American Indian tribes will recognize their own experience in the Maasai evictions, Adamson said. “Our buffalo, our salmon and Appaloosa ponies, our corn seeds, our traditional ecological knowledge, our lands, were like their cattle. Our pride, our traditions faltered under the onslaught against our livelihood, like theirs. Our stewardship against global warming and environmental degradation, our sense of place, were besieged like theirs. Despite the many issues on Indian lands, tribes must try to stand up for the Maasai. They are indigenous, like us, and their doom would be ours all over again.”
The most recent doom of Maasai settlements came to pass when government police at the local and district levels, financed by Major General Mohamed Abdul Rahim Al Ali, the United Arab Emirates defense secretary, operating through Ortello Business Company, a subsidiary of the U.A.E. royal family, burned down eight of them in the process of evicting more than 1,000 Maasai, according to Saning’o ole Telele, the Member of Parliament for the Maasai constituency in northern Tanzania.
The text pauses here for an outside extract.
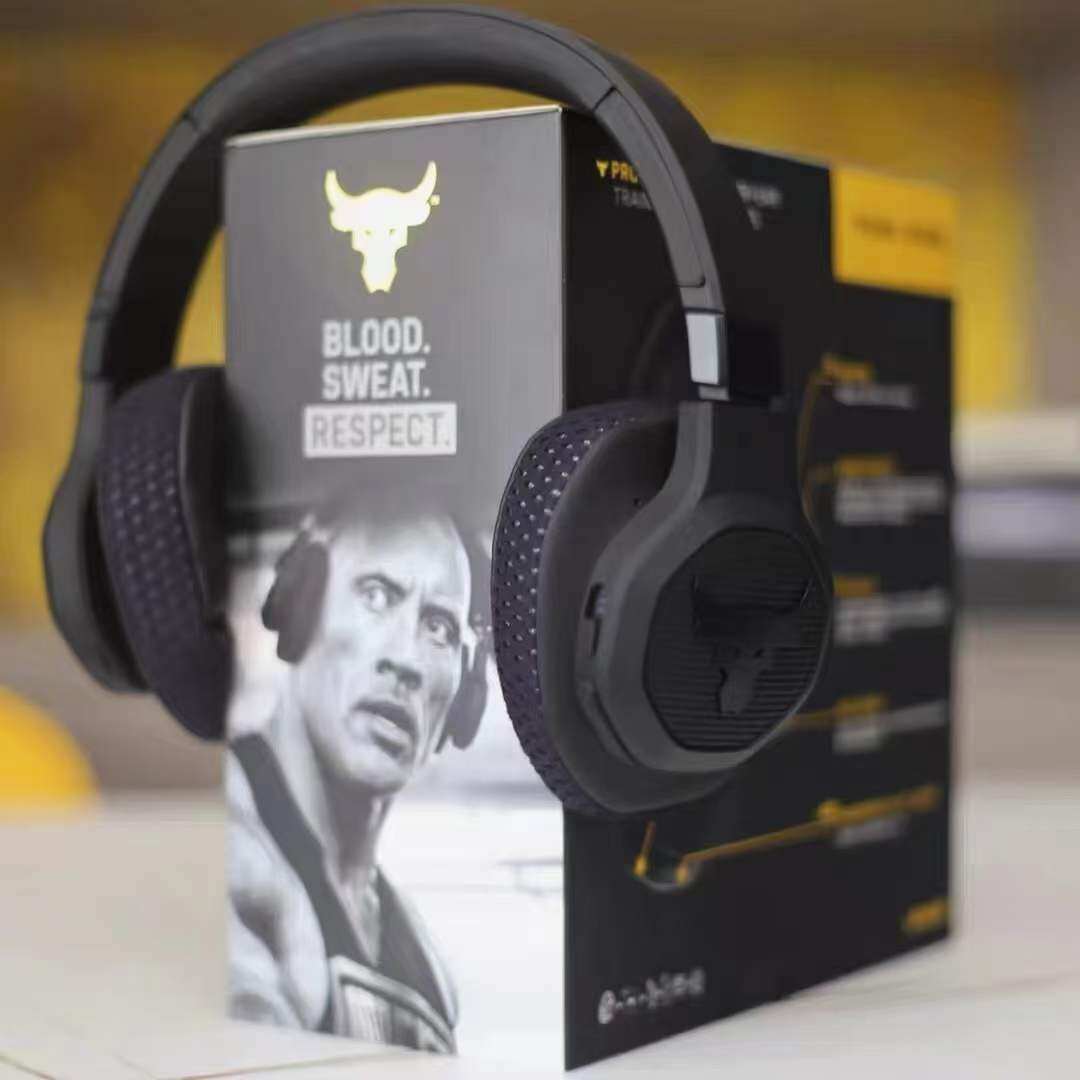 Project rock camo on sale headphones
In 1992, Rahim Al Ali purchased a controversial hunting concession on a game reserve, now known as Loliondo Game Controlled Area, from the Tanzanian government. The game reserve was on the edge of renowned Serengeti National Park. The Serengeti, like such parks elsewhere, excludes human habitation; but trophy hunting and tourism proved too profitable to maintain an exclusion of elite social classes. The original concession of Loliondo on the Serengeti border did limit the general’s safari parties to three months of every year, July, August and September, Telele said. But, the limit didn’t hold.
“The Loliondo Concession is as bad as it gets,” said Peter Poole, a FPW cartographer and consultant. “From bribing the local hunting guides, to breaking take quotas, to hunting within the [bordering] Serengeti, to using automatic weapons on the hunt, to bribing the officials who give out the concessions and the politicians to keep them from canceling the concessions. ... It’s top to bottom corruption.”
The U.A.E. has bolstered the pro-economic development, anti-Maasai bias and policies of Tanzania, an East Africa coastal state, Telele added.
“It is this Arab who funded the whole operation,” he said of the recent evictions, “because he is the one who comes to Loliondo to hunt, whenever he can. ... I want this to stop because that is prime area. ... Maasai can’t get their cattle to grass or water without it.”
The Maasai, who consider themselves the earth’s first cattle herders, have turned to cultivating farmlands to survive, sparking a spate of unfounded reports on their environmental destructiveness. Maasai insist their traditional land-use practices are the best protection their ancient environment has ever known.
The latest Maasai eviction victims add to “a new breed of refugee” identified by Charles C. Geisler, rural sociology professor at Cornell University. Global numbers for conservation refugees are impossible to come by.
“However, the most recent and rapid expansion of protected area initiatives has occurred in Africa and Asia,” reports investigative journalist Mark Dowie in “Conservation Refugees: The Hundred-Year Conflict Between Global Conservation and Native Peoples.” Land areas protected for conservation purposes, Dowie adds, have risen from 600 in 1950, to 1,000 in 1990, to 110,000 today.
Governments have found they can be profitable, while tax-exempt foundations have worked out ways to fulfill their pro-environmentalist missions and raise operational funding without too many questions asked.
In almost all cases of conservation eviction, Geisler states, the victimized indigenous inhabitants of protected areas become invisible refugees.
“We called them invisible citizens in America,” Adamson said. “But by any name, through its treatment of Indians in the creation of its national parks, America established the model for export. The Serengeti took its specific bearings from Yosemite, and that meant excluding indigenous inhabitants. In our environmentally conscious times, protected areas are the Manifest Destiny of the 21st century, so obvious in its assumed virtues to average citizens, so taken for granted by elite classes in their self-congratulating way, that no one thinks to consult the indigenous peoples who know their land and its carrying capacity. That has got to change if we’re going to save indigenous peoples and our environment. Indian tribes and individuals, with their history, should be leading voices for change.”